→ **Captioned web image data**
+-------+

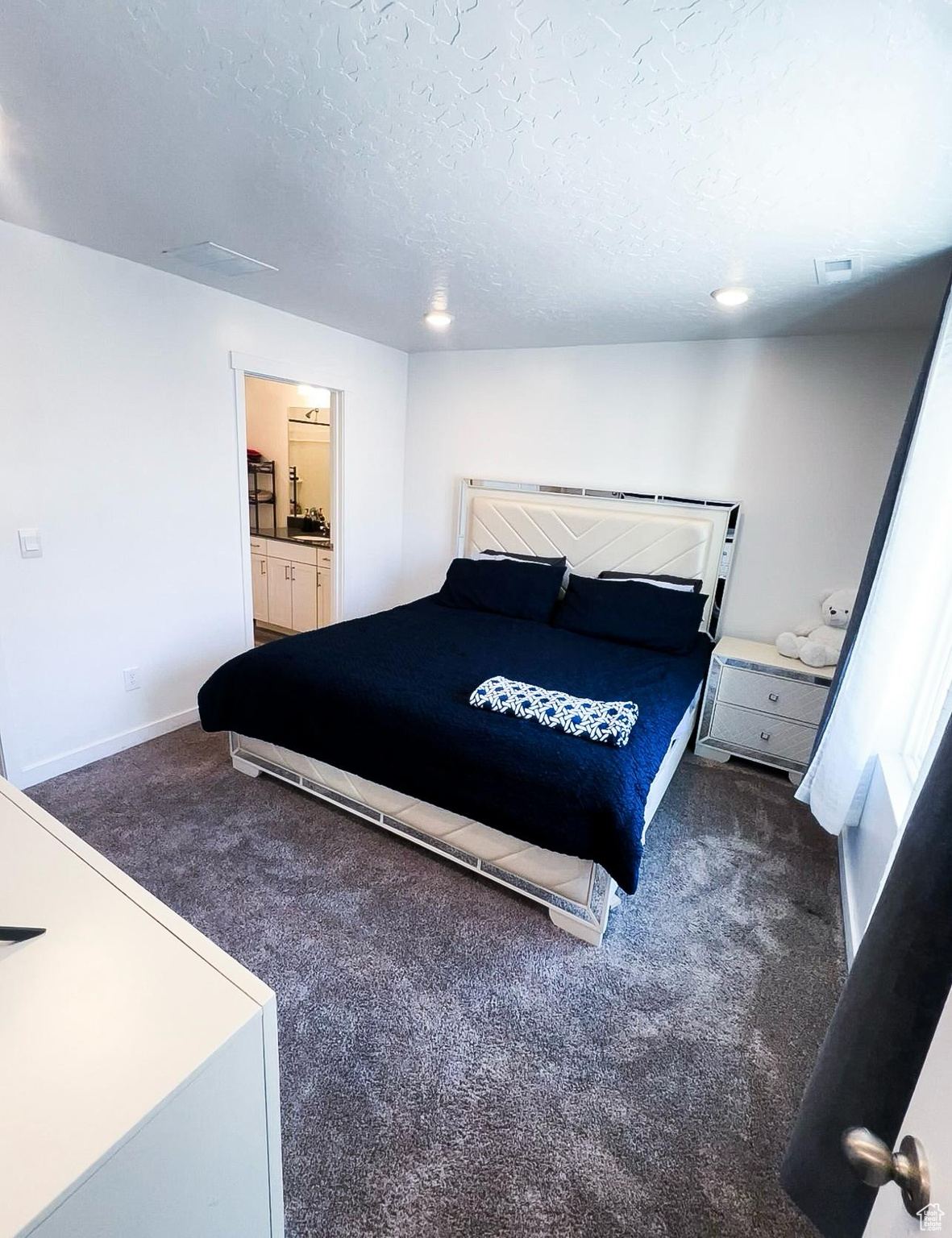 Master Bedroom with dark colored carpet, connected bathroom, and a textured ceiling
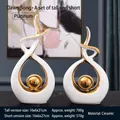 Sculture astratte moderne in ceramica bianca con bordi dorati per decoro casa - Canto del Mattino Bianco Oro Coppia
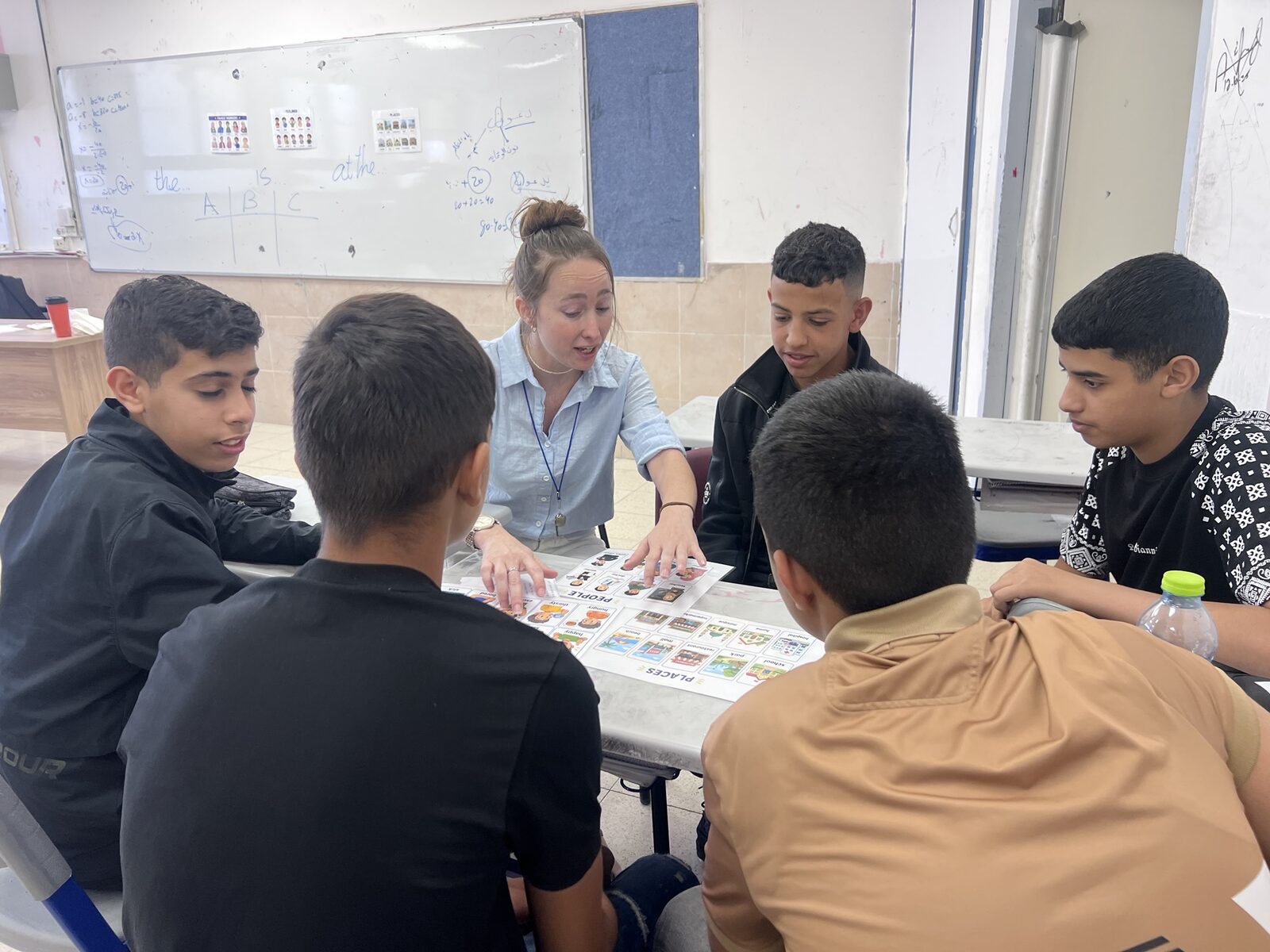 A teacher and students around a table playing a picture-card vocabulary game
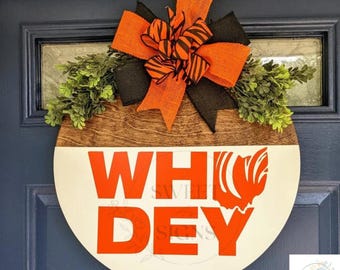 Pode incluir: Um pendurador de porta redondo de madeira com fundo branco e as palavras "WHO DEY" em letras vermelhas. O pendurador é decorado com um laço preto e laranja e folhagem verde.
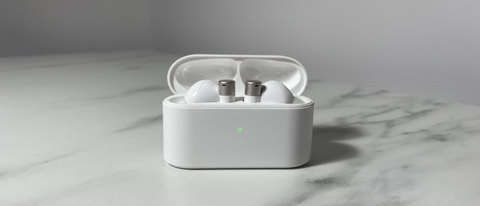 White and silver 1More PistonBuds Pro Q30 earbuds sitting in the charging case with the lid open. The case is sitting on a white marble-effect desk.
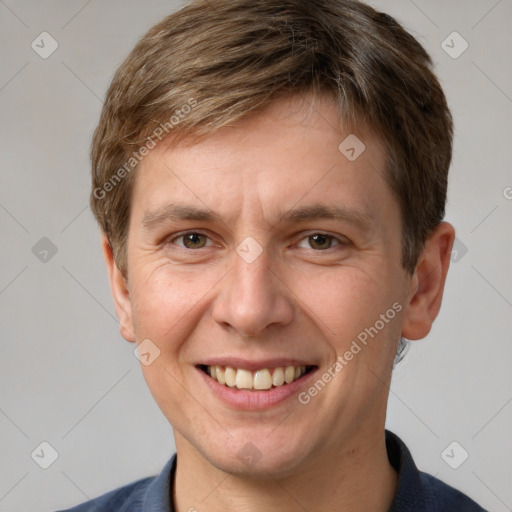 Joyful white adult male with short  brown hair and grey eyes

+-------+

→ **Task goal**
Exactly as they appear, repeat the lines from the one containing "A teacher and" through the last line of the entries, counting both ends. Pictures stay out.

→ **Written reply**
 A teacher and students around a table playing a picture-card vocabulary game
 Pode incluir: Um pendurador de porta redondo de madeira com fundo branco e as palavras "WHO DEY" em letras vermelhas. O pendurador é decorado com um laço preto e laranja e folhagem verde.
 White and silver 1More PistonBuds Pro Q30 earbuds sitting in the charging case with the lid open. The case is sitting on a white marble-effect desk.
 Joyful white adult male with short  brown hair and grey eyes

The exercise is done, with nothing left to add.